Una lettera su Quotidiano sanità chiedeva: se un domani qualcuno ricorresse alla Corte costituzionale contro il decreto che ha imposto l’obbligo di vaccino anticovid ai sanitari, i giudici come potrebbero sentirsi autonomi sapendo che al testo ha messo mano la ministra Cartabia ex presidente della Corte?
«Il fatto che Marta Cartabia sia stata giudice costituzionale non significa nulla, la Corte Costituzionale è un organo collegiale, le decisioni sono prese da un collegio di 15 persone, in nulla incide il fatto che il testo della legge sottoposta al suo giudizio sia scritto da una ex giudice, che oggi è un soggetto politico come gli altri e come tale va trattato».
Un altro tema che fa discutere è il protrarsi dello stato d’emergenza, nel caso specifico funzionale alla velocità di decisioni in cui il fattore tempo è decisivo.
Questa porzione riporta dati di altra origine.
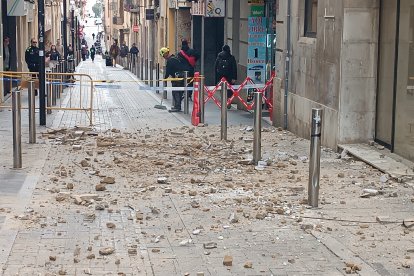 Imagen del material que se ha precipitado en la vía pública desde la fachada de un hotel en la calle Reding de Tarragona.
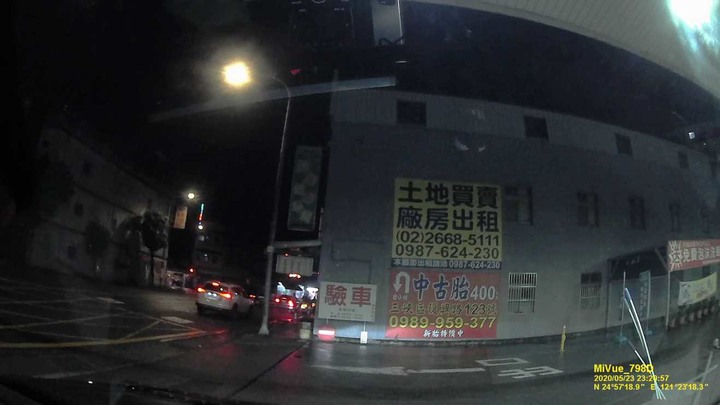 點我看大圖 Mio 798 是近年用過畫質最差的行車記錄器!!!(內有Mio 798 vs Vico opia I測試)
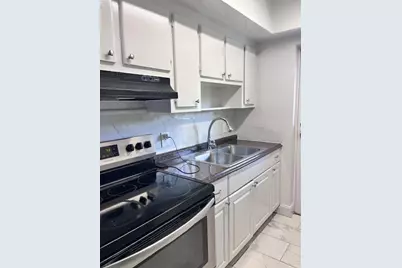 1798 NW 15th Vista #5, Boca Raton, FL 33432 - Photo 6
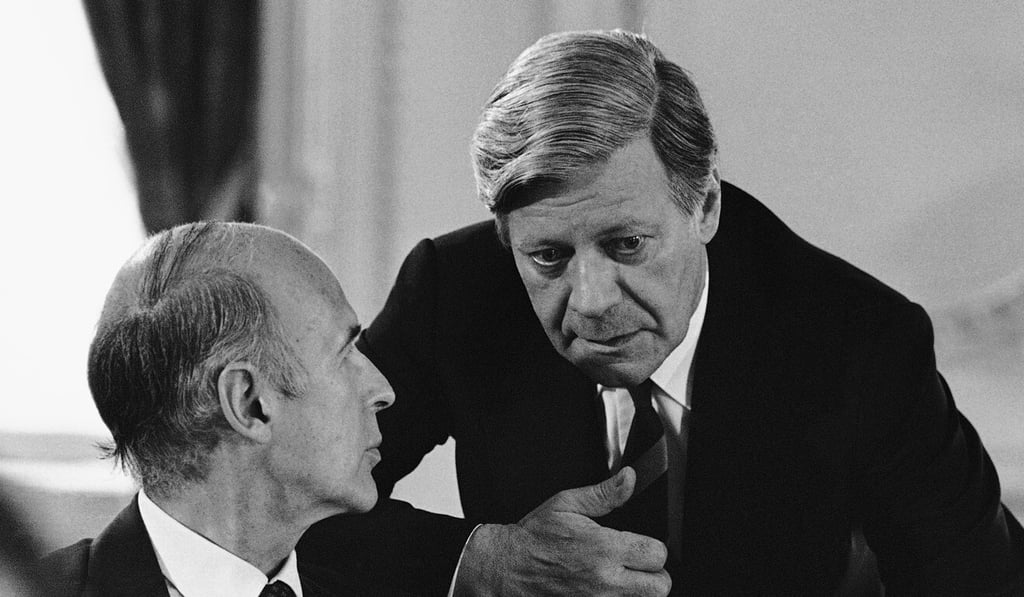 French President Valery Giscard d’Estaing (left) speaks with German Chancellor Helmut Schmidt in Tokyo in June 1979. Photo: AP French President Valery Giscard d’Estaing (left) speaks with German Chancellor Helmut Schmidt in Tokyo in June 1979. Photo: AP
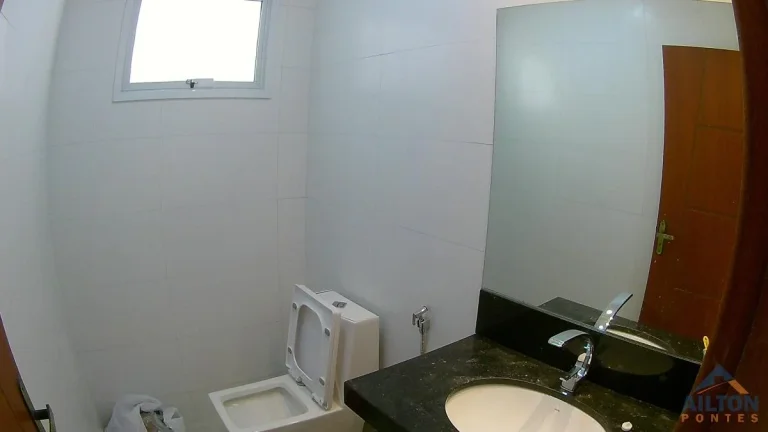 Imagem Casa Duplex com 4 Suítes à Venda na Praia do Morro, Guarapari-ES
È un problema?
«È un tema che ha fatto sempre discutere i costituzionalisti, il problema è che l’emergenza è un concetto che si adatta alle esigenze: molle, elastico. Non a caso la Costituzione prevede il decreto legge: nella misura in cui la situazione ha requisiti di necessità e urgenza si fa un decreto legge, che per sua natura è poco definito nei suoi presupposti proprio perché deve rispondere all’emergenza: poi lo si porta in Parlamento: in questo senso l’emergenza è già prevista dalla nostra Costituzione. Riguardo alla dichiarazione dello ”stato di emergenza”, è un fatto che non ha conseguenze pratiche sulla nostra vita: non subiamo persecuzioni, perdiamo diritti, ecc., ma semplicemente consente l’uso del Dpcm, un atto amministrativo, non normativo, che è tempo e non lascia conseguenze sull’ordinamento. Lo stato di emergenza è previsto dalla legge sulla protezione civile. La preoccupazione che il Governo si approfitti perché dichiara l’emergenza è infondata. Il problema semmai è molto più generale: è che si governa in prevalenza con i decreti legge e con un Parlamento esautorato, ma questo succede da prima, non è un effetto della pandemia».
L’Austria differenzia le misure: lockdown selettivo per i non vaccinati. Farebbe problema da noi?
«No, già esiste. La quarantena ne è un esempio. Non è che si mettano divieti alle persone per il colore della pelle, la cittadinanza, la religione, li si mette come conseguenza della scelta libera delle persone di non vaccinarsi: non c’è nulla di discutibile. Non esiste una libertà di andare in giro a infettare la gente, che tra l’altro per la stragrande maggioranza è corsa a vaccinarsi e vuole uscire dall’epidemia. C’è chi obietta che lo Stato dovrebbe lasciarti libero di fare come vuoi, di non mettere le cinture, di non mettere il casco, si vorrebbe uno Stato meno paternalistico; ma se poi io sbatto in motorino e senza casco mi rompo la testa, lo Stato mi cura gratis a spese della collettività: in questo senso è normale che mi imponga di tutelarmi, anche perché le risorse non sono infinite».